Most people will know something about the professions of accountants, doctors and lawyers. But tell someone you’re an actuary and more than likely they will look at you blankly – never having heard of an actuary.
If, however, they are aware of the work that actuaries do, they are likely to be impressed; being an actuary carries quite a reputation. This is partly due to the difficult exams, but mostly due to the fact that actuaries are experts in a field that is renowned for its complexity and mathematical prowess.
Actuaries apply financial and statistical theories to solve real business problems. These business problems typically involve analysing future financial events, especially when the amount of a future payment, or the timing of when it is paid, is uncertain. A lot of actuaries’ work might be thought of as ‘risk management’, assessing how likely an event may be and the costs associated with it.
Understanding how businesses operate, how legislation may impact and how financial economics can affect values are all vital skills for an actuary. But what differentiates actuaries is their core mathematical, economic and statistical understanding and their ability to apply this to real financial problems.
The traditional areas in which actuaries operate are: consultancy, investment, life and general insurance and pensions. Actuaries are also increasingly moving into other areas of the financial sector where their analytical skills can be employed.

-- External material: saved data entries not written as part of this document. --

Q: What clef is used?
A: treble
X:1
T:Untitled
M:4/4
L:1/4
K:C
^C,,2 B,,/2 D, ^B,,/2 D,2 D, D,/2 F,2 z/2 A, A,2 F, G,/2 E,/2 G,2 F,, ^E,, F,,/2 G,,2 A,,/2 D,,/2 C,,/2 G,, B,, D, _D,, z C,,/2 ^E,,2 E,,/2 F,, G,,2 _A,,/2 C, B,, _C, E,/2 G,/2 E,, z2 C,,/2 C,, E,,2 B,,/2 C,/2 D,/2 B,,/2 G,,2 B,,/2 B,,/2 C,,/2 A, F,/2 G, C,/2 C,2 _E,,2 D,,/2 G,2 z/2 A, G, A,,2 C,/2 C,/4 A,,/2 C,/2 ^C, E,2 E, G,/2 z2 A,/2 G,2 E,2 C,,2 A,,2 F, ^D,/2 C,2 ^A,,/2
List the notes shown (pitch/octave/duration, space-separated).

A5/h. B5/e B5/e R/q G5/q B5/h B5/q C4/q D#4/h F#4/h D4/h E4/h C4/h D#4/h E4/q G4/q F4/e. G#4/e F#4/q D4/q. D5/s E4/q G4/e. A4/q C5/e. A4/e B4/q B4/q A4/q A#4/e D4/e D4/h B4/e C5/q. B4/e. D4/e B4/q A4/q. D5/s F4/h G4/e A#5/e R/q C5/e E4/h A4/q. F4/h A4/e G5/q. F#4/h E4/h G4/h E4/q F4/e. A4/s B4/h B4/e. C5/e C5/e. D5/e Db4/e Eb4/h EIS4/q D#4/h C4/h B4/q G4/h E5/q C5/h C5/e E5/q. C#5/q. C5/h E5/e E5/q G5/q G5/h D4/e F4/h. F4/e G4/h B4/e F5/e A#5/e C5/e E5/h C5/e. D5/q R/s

Actuarial consultancies offer a whole range of services to their clients on issues such as acquisitions, mergers, corporate recovery and financing capital projects. Many also offer advice to employers and trustees who run occupational pension schemes. In fact, such consultancies are probably the biggest employers of actuaries in the UK.

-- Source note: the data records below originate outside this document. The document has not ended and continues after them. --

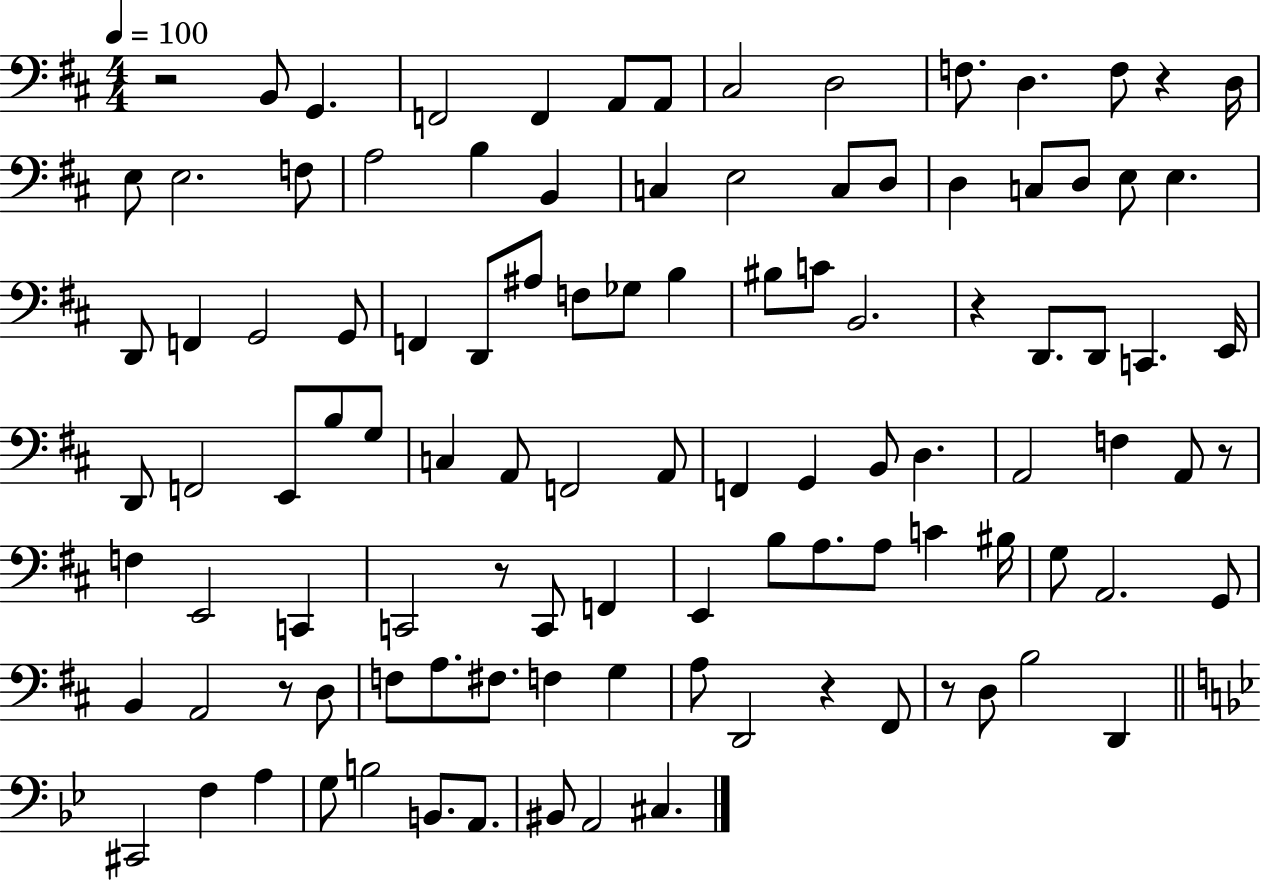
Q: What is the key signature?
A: D major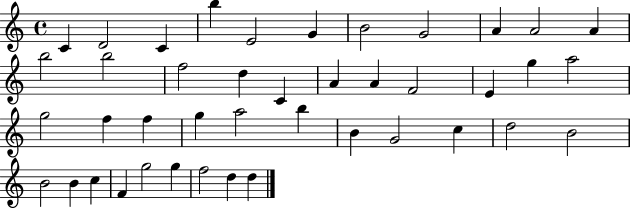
X:1
T:Untitled
M:4/4
L:1/4
K:C
C D2 C b E2 G B2 G2 A A2 A b2 b2 f2 d C A A F2 E g a2 g2 f f g a2 b B G2 c d2 B2 B2 B c F g2 g f2 d d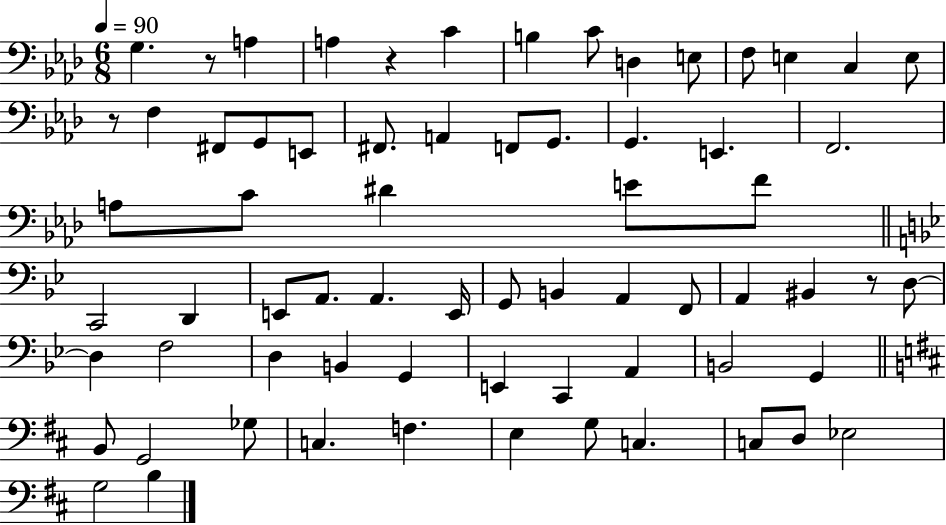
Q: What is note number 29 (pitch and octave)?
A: C2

In the area of investment, actuaries are involved in a range of work such as: pricing financial derivatives, working in fund management, or working in quantative investment research. Often investment actuaries work in fields where their understanding of insurance or pension liabilities helps them to manage the investment of the corresponding assets.
The work carried out by actuaries in insurance includes designing new insurance policies, setting premium rates, calculating a company’s financial status (based on the policies already sold), and answering technical queries from policyholders. Insurance actuaries also undertake detailed investigations of different experiences; such as how assets and expenses have performed and the extent of different types of claims for different types of insurance policies (eg death claims for life insurance or car theft for motor insurance).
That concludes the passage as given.